COLUMBUS, Ohio (WCMH) – When Ohio U.S. Sen. Rob Portman endorsed Jane Timken two weeks ago in the Republican primary to succeed him, he said he was confident in the former state party chair’s ability to win the primary and general elections.
But his nod may have hurt Timken more than it helped her, new independent polling commissioned by NBC4 shows, and it’s not Portman’s endorsement in Ohio’s Senate race that matters most – it’s a former president’s.
Just 19% of likely GOP primary voters said Portman’s endorsement makes them more likely to vote for Timken, per a late February survey by Emerson College pollsters in partnership with NBC4 and The Hill. Twice that number – 38% – said it makes them less likely to vote for her.

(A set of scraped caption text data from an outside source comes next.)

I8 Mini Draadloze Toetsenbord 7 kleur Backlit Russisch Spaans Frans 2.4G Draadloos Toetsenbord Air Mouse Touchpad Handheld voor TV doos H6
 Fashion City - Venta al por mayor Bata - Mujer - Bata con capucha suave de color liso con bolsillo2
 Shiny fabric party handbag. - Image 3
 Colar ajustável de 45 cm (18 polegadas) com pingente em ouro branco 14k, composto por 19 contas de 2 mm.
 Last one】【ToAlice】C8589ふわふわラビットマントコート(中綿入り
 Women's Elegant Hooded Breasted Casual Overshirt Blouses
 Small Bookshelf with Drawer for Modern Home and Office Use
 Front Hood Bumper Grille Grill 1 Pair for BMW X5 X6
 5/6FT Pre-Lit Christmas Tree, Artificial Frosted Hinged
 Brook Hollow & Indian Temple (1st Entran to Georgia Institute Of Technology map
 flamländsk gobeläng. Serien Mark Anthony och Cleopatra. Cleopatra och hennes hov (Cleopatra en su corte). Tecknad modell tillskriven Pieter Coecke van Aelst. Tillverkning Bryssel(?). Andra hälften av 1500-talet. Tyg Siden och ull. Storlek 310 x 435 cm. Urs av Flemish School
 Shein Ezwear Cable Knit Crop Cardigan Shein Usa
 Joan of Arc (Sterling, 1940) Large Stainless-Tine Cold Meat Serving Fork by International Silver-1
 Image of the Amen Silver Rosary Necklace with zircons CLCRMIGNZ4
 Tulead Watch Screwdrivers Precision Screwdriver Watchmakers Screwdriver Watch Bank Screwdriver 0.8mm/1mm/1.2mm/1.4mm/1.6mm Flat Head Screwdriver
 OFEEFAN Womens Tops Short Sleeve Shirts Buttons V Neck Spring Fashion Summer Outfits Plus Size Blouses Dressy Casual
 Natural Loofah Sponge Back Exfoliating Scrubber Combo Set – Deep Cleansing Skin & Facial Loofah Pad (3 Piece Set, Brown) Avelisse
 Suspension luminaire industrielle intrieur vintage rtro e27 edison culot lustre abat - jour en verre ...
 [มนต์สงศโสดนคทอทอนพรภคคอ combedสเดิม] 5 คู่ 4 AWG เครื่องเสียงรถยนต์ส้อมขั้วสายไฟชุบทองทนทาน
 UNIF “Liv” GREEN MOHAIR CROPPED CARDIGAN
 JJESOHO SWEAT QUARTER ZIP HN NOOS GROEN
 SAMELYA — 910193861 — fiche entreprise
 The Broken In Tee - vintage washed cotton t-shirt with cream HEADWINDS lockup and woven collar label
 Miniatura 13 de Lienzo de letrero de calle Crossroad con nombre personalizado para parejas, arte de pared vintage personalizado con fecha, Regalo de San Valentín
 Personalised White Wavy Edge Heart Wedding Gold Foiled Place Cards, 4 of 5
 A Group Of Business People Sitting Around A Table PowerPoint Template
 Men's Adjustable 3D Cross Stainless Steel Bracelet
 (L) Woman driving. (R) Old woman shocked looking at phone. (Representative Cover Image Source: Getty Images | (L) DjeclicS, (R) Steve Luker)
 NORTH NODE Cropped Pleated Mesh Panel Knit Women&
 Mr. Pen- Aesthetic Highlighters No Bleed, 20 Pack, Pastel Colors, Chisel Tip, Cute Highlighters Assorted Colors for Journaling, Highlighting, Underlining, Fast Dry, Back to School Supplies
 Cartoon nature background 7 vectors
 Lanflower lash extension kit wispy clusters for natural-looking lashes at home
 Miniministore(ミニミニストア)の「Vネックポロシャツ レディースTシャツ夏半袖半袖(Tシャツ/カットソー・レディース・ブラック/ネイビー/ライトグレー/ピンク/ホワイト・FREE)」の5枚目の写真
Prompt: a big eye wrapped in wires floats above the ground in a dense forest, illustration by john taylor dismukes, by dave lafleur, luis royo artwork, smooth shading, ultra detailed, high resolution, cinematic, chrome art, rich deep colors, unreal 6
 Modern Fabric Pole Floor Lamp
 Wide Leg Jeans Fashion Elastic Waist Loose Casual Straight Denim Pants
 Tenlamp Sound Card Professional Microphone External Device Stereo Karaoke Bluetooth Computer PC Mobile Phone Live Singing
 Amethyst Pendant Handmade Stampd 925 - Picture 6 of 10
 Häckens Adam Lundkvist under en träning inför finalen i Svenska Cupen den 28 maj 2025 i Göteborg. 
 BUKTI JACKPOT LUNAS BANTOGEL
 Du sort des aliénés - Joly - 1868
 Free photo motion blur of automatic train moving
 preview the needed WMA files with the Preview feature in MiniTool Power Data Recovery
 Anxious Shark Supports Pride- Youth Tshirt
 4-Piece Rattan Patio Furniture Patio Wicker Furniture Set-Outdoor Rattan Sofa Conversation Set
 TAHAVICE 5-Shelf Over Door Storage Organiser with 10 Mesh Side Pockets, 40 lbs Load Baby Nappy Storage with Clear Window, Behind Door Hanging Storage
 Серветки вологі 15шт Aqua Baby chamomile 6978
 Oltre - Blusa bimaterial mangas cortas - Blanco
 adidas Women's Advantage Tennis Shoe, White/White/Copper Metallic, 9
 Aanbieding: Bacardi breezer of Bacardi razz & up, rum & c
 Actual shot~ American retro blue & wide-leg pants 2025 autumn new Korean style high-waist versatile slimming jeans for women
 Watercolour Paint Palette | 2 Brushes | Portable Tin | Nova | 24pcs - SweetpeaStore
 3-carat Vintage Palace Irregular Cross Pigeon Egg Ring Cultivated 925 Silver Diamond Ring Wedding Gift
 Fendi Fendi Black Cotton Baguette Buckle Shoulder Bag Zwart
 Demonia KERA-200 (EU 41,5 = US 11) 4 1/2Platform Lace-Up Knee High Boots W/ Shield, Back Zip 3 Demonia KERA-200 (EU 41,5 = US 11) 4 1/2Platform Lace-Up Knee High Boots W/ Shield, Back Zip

The remaining 43% of respondents said Portman’s endorsement made no difference at all.
Timken’s campaign pushed back in a statement, however, saying she is “incredibly proud” to have Portman’s support.
“These numbers are a joke,” communications director Mandi Marritt said, in part. “Rob Portman is a nationally renowned conservative leader with a matchless record of delivering conservative results for the State of Ohio.”
The campaign exclusively provided to NBC4 two internal polls from this year that gives Portman a 58%-to-33% favorable/unfavorable rating among likely GOP primary voters and also found 51% would be more likely to vote for Timken after Portman’s endorsement, vs. 29% who wouldn’t.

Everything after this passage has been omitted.